‘Think autism’ sets out to update the government’s strategy for improving outcomes for adults with autism in England, first set out in ‘Fulfilling and rewarding lives’  which called for a societal culture shift, so that the equality and human rights of autistic people are respected. To help improve the quality of life for people with autism, ‘Fulfilling and rewarding lives’ set out the need for better:
- autism awareness training
- access to a diagnosis
- assessments of people with autism
- service and support
- local leadership and planning – including a lead commissioner for autism.
The strategy also sets out the costs for people with autism of not changing things:
- continued poor physical and mental health
- continued involvement in crime and substance misuse
- continued benefits dependency
- continued economic and emotional costs for their carers and families.
The strategy provides a clear narrative:
- to raise awareness among professionals
- to train those who play key roles in the lives of people with autism
- to make sure diagnostic services are available
- to ensure transitions into adult services are managed successfully
- to ensure that good planning and leadership are in place so that quality local services can be provided.
‘Think autism’ retains these commitments and builds on them, setting out its key aims to:
- increase awareness and understanding of autism
- develop clear, consistent pathways for the diagnosis of autism
- improve access for adults with autism to services and support
- help adults with autism into work
- enable local partners to develop relevant services.
‘Think autism’ outlines 15 ‘priority challenges’ established through a consultation with autistic people, families, carers and professionals. Outlined in the next section, these are divided into three parts related to:
- being recognised as an equal within local communities
- getting the right support across the lifespan
- developing skills, independence and working life.
‘Think autism’ is backed by statutory guidance. This incorporates changes which draw on the duties written into the Care Act 2014 as well as expanding on previous guidance from 2010. It expands on the responsibilities of local authorities and the NHS, for example, giving guidance on the different levels of training people might need to understand autism. It provides guidance on five further areas where improvements should be made, setting out some examples of successful practice:
- preventative support and safeguarding
- reasonable adjustments and equality
- supporting people with autism and complex needs
- criminal justice.
The strategy and guidance call on public bodies to meet their existing duties to people with autism. All major pieces of social care, health and equality legislation apply to people with autism, but have not been used with sufficient consistency to support them in practice. The strategy and guidance make it clear that this is not acceptable and call for a better use of existing law to support people with autism.
Importantly, the strategy and guidance state that a diagnosis of any autistic spectrum condition, including Asperger syndrome or high-functioning autism, is a reason to assess somebody for services. While this does not guarantee services will be provided, the move to ensure assessment is carried out appropriately and proportionately  and the Care Act’s focus on outcomes-based eligibility should help to ensure that assessment looks at the person rather than their diagnosis.
As well as aiming to improve public services for people with autism, the documents call for all mainstream services – such as transport, leisure, employment and the police – to get better at adjusting to, and meeting the needs of, people with autism. The statutory guidance  also states that local authorities will need to keep and provide data about autism in their area, including:
- the numbers of autistic people known
- the range of need for support to live independently
- the age profile of people with autism.
The guidance allows for local discretion in how the strategy is implemented, however health and wellbeing boards, formed through the Health and Social Care Act 2012, are expected to play a part in planning local services.
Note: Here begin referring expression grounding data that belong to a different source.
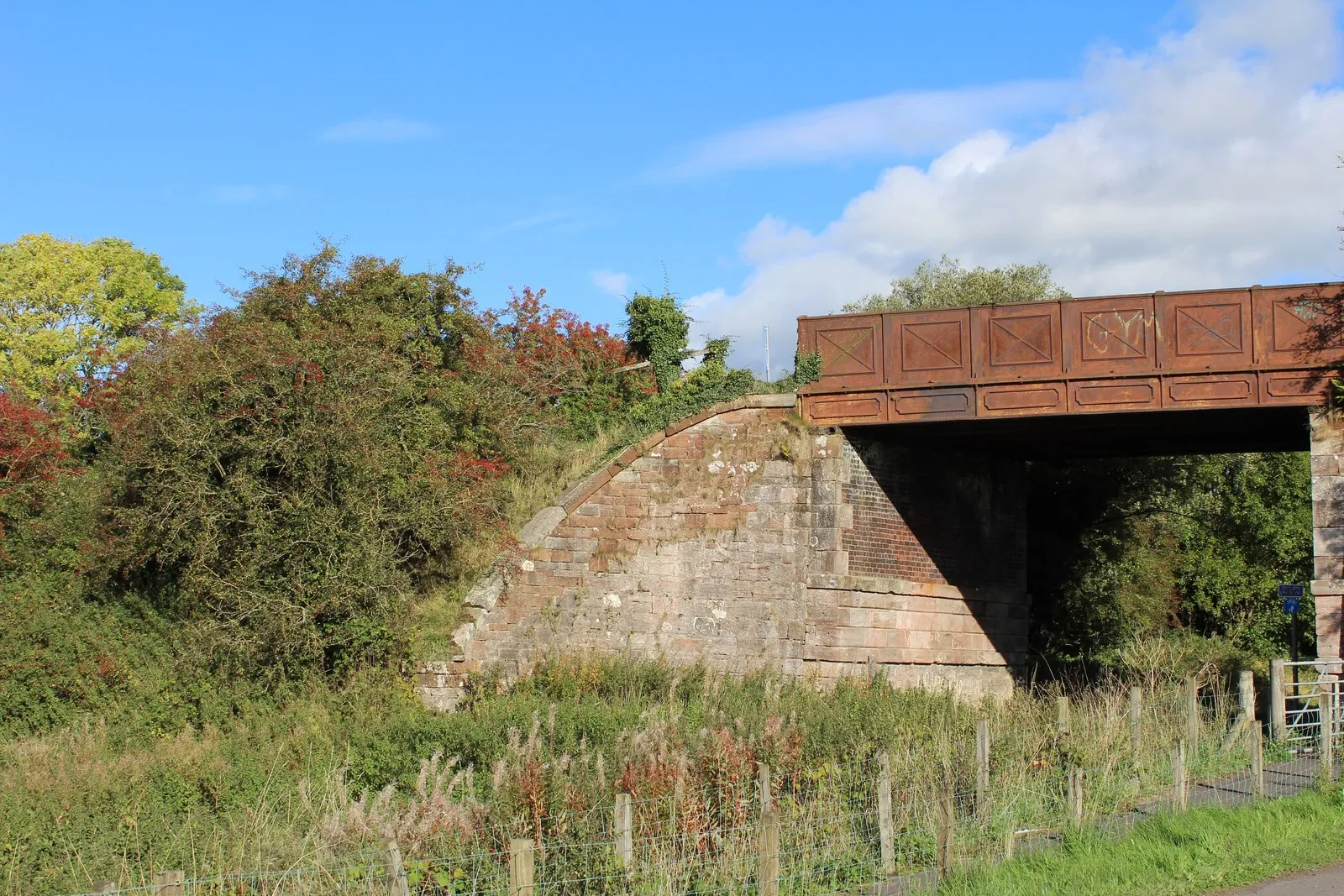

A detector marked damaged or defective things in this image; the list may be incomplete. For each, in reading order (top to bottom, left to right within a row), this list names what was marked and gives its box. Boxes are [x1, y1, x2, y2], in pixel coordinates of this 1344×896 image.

corroded metal panel [887, 307, 974, 385]
corroded metal panel [974, 304, 1062, 381]
corroded metal panel [974, 381, 1068, 415]
rusty iron bridge [800, 282, 1344, 453]
corroded metal panel [1062, 296, 1156, 375]
corroded metal panel [1156, 287, 1250, 368]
Concerns remain that a lack of funds and central direction may hamper some of the key aims such training and diagnosis.[4,14] Nonetheless, local authorities, and most NHS bodies, will need to abide by the guidance.
While progress has been made since the Autism Act 2009 there is still much to be done to show as a society that autistic people have the same rights to life and independence as other people.[23,24] Where guidance is followed, this can lead to real improvements in the day-to-day lives of autistic people, as well as carers and professionals.